The New York Times is having an essay contest (600 words, April 8 due date) on why it's ethical to eat meat.
I think the challenge is somewhat poorly defined. The challenge seems to be to argue for the thesis that it is morally permissible to eat meat when this is not necessary to human survival.
But what does the thesis mean? If it means that in all cases where human survival is not at stake it's permissible to eat meat, the answer is uncontroversially negative. For instance, when you've made a promise to a vegetarian friend not to eat meat today, it won't be permissible to eat meat on that day.
But if it means that in some cases where human survival is not at stake it's permissible to eat meat, that thesis is not particularly controversial. For instance, a typical philosophical vegetarian is unlikely to dispute that it can be permissible to eat meat from non-conscious species (worms?), accidental roadkill when doing so does not encourage further killing, or meat from a predator which one killed in the defense of one's (at least equally cognitively sophisticated) pets.

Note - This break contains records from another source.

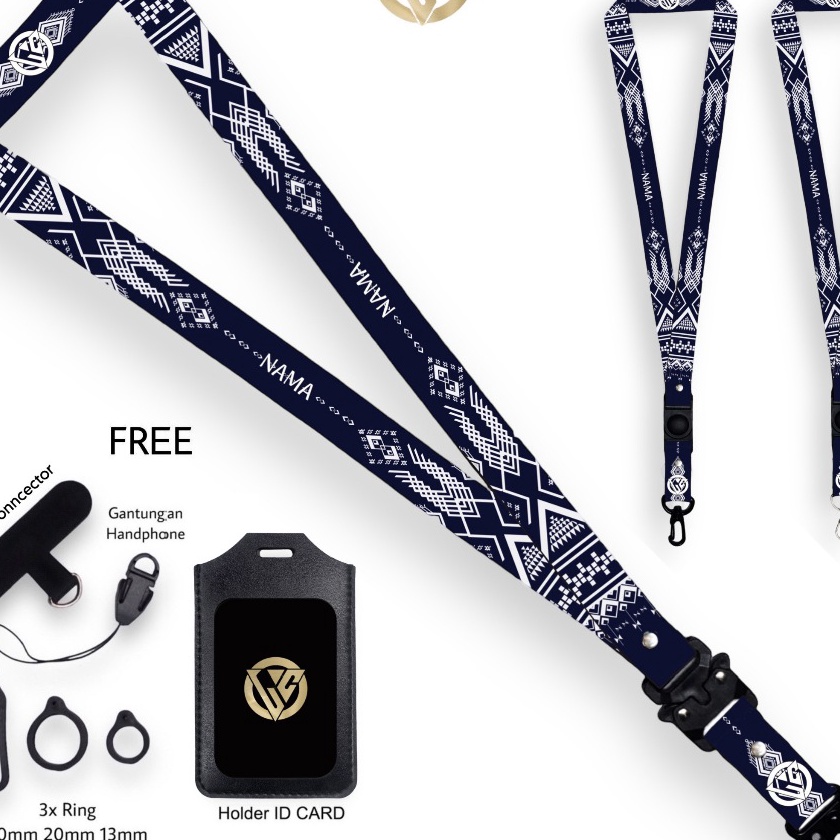 

Premium Craft Custom Nama Ethnic Motif Gantungan Holder ID Card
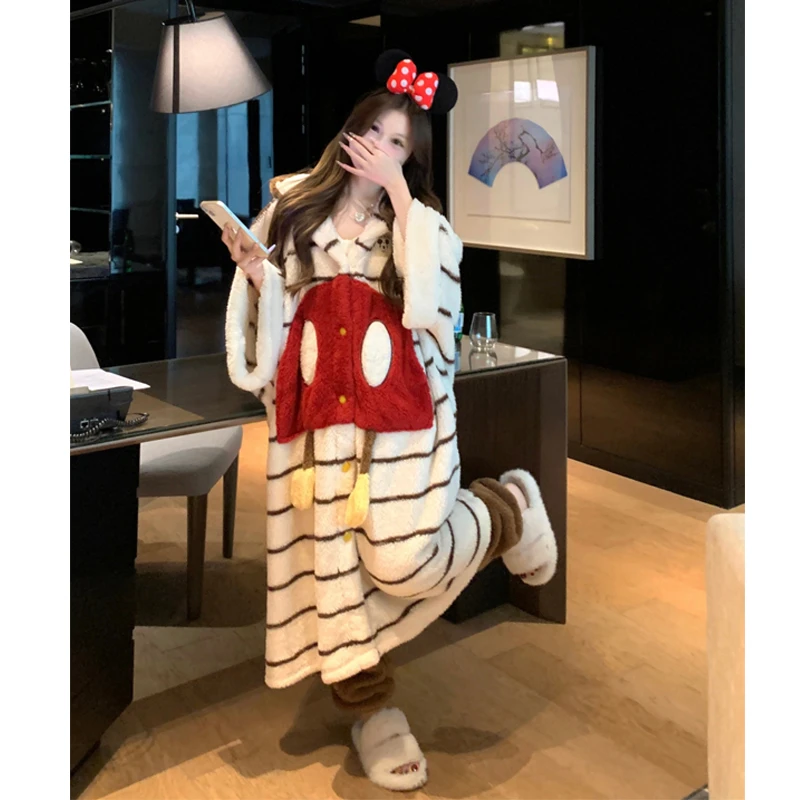 可爱米奇~珊瑚绒睡衣女款冬款加厚连帽睡袍睡裤套装家居服可外穿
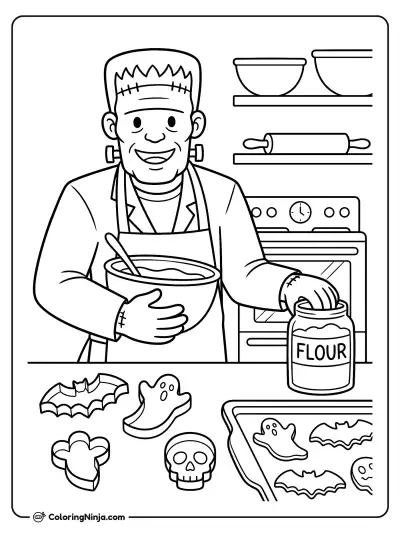 Monsters in the Kitchen Coloring Page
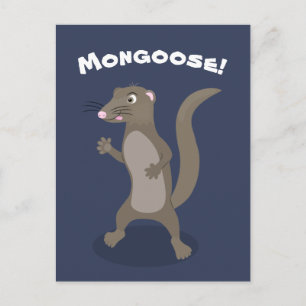 Cute mongoose cartoon illustration postcard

If, on the other hand, the thesis is that it's permissible to eat meat under typical circumstances obtaining in our culture, then we have to get into a messy discussion of the particular methods of meat farming in our culture, and that's the sort of discussion the contest wants us to avoid.
I have this urge to string together some Nietzchean inspired essay talking about transcending the vegetarian morality imposed upon the very question of the ethicality of eating meat.